Task instructions
Repeat only the lines below from the one that contains "最强新星中后卫足球明星崛起引发全球关注与期待" through the final line, exactly. Omit pictures.

"""

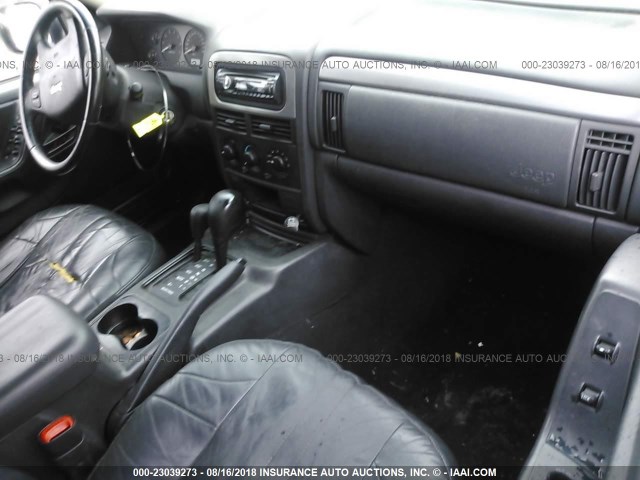 1J4GW48S04C374603 - 2004 JEEP GRAND CHEROKEE LAREDO/COLUMBIA/FREEDOM 银色 照片 5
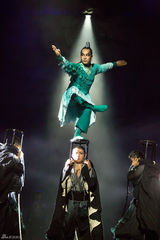 组图：《太极图》秀出东方韵 冯小刚李玉刚观演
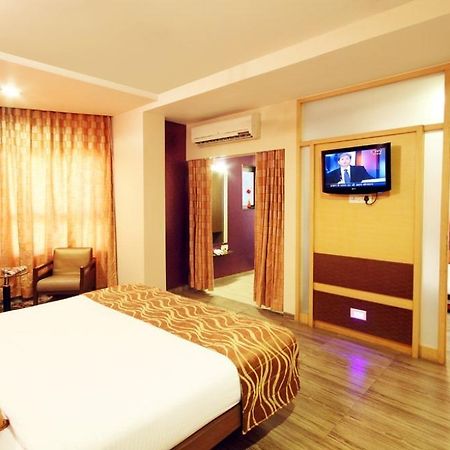 Hotel Bhagyalaxmi Ширди Экстерьер фото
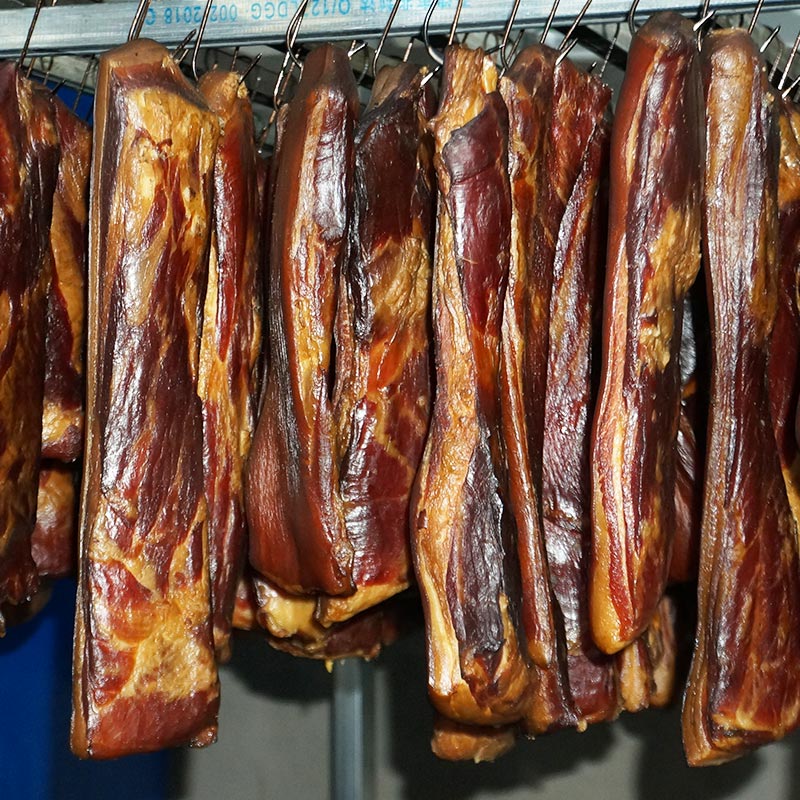 四川傳統(tǒng)煙熏臘肉香腸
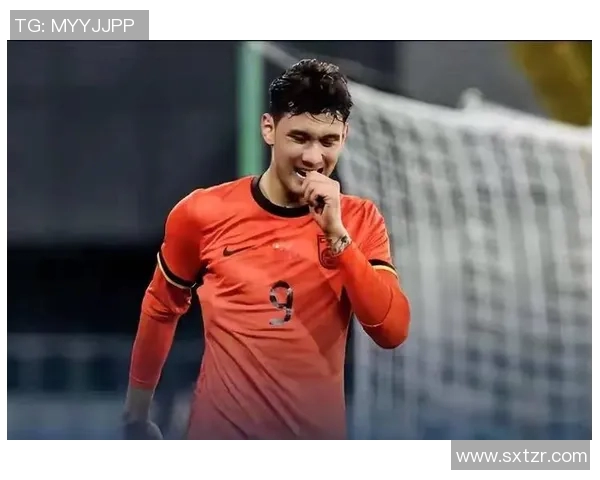 最强新星中后卫足球明星崛起引发全球关注与期待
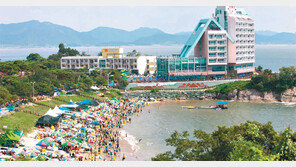 “가족과 함께 상상의 나래를 화폭에 담으세요”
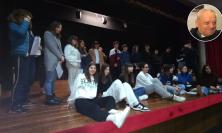 Tolentino, la parrocchia Santa Famiglia ricorda Don Serafino con uno spettacolo a 10 anni dalla scomparsa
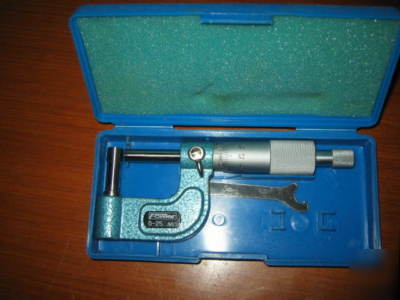 Fowler metric micrometer 0-25MM .001 with wrench/case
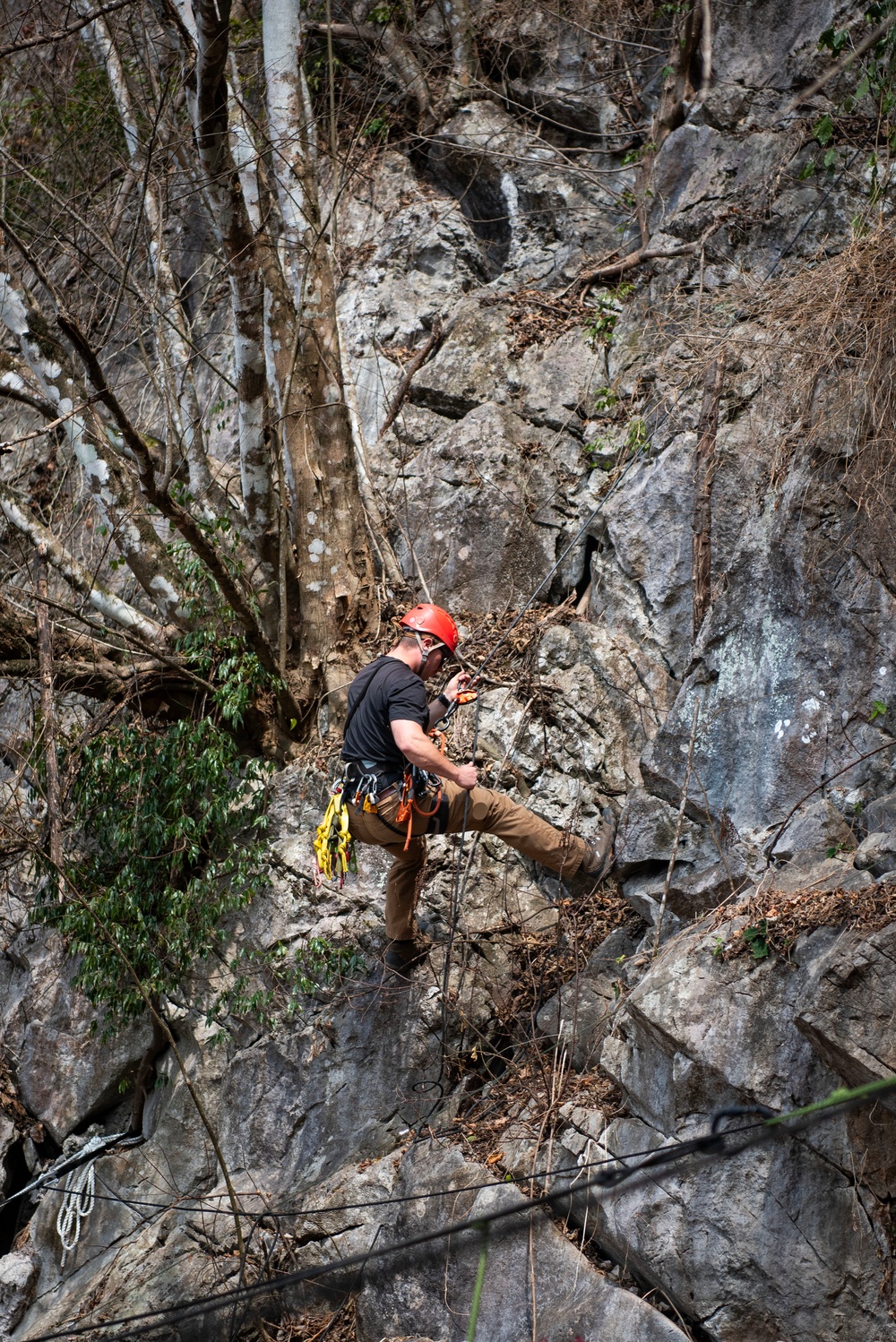25-2 LA Conducts Recovery Operations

"""

Your response
 最强新星中后卫足球明星崛起引发全球关注与期待
 “가족과 함께 상상의 나래를 화폭에 담으세요”
 Tolentino, la parrocchia Santa Famiglia ricorda Don Serafino con uno spettacolo a 10 anni dalla scomparsa
 Fowler metric micrometer 0-25MM .001 with wrench/case
25-2 LA Conducts Recovery Operations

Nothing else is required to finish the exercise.